/ 28 January 2015

Community health workers back in court

Free State healthcare workers say they are being punished for having dared to defy health MEC Benny Malakoane publicly.

The 129 Free State community healthcare workers and Treatment Action Campaign (TAC) members arrested in July last year, after staging a protest without permission, are to return to the Bloemfontein magistrate’s court on Thursday in the hope that the charges against them will be dropped.

The night vigil took place in Bloemfontein on July 10.

Charged with contravening the Regulations of Gatherings Act 205 of 1993, the case was postponed on October 2 2014 to allow them to make formal, written submissions to National Director of Public Prosecutions Mxolisi Nxasana. They requested that their charges be dropped.

The healthcare workers “believe that they are being punished not for breaking the law but for having publicly dared to defy the MEC”, according to the submission made on November 11.

The TAC wrote in a statement released on Tuesday that the workers “were protesting [against] the state of the public healthcare system in the Free State, their conditions of employment and the June 15 decision of the MEC for the Free State department of health, Benny Malakoane, to effectively terminate their employment without warning”.
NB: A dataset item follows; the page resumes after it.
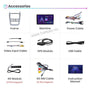 Dacia Logan, Sandero 2009-2015 9" Android multimedia car radio touch screen head unit — kép 4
Malakoane sent a memo to the nongovernmental organisations that manage Free State community healthcare workers in April last year that ended their contracts and declared the community health workers “ghost workers”.

The healthcare workers have appeared in court three times to date. “For each appearance, they travelled long distances … Most of them are women with families and many are elderly,” said the TAC.

TAC general secretary Anele Yawa said the group was hoping for a favourable outcome.

“Considering our comrades didn’t commit any act of violence, we are hoping that the magistrate will drop the charges. However, we will adhere to whatever the court decides,” he said.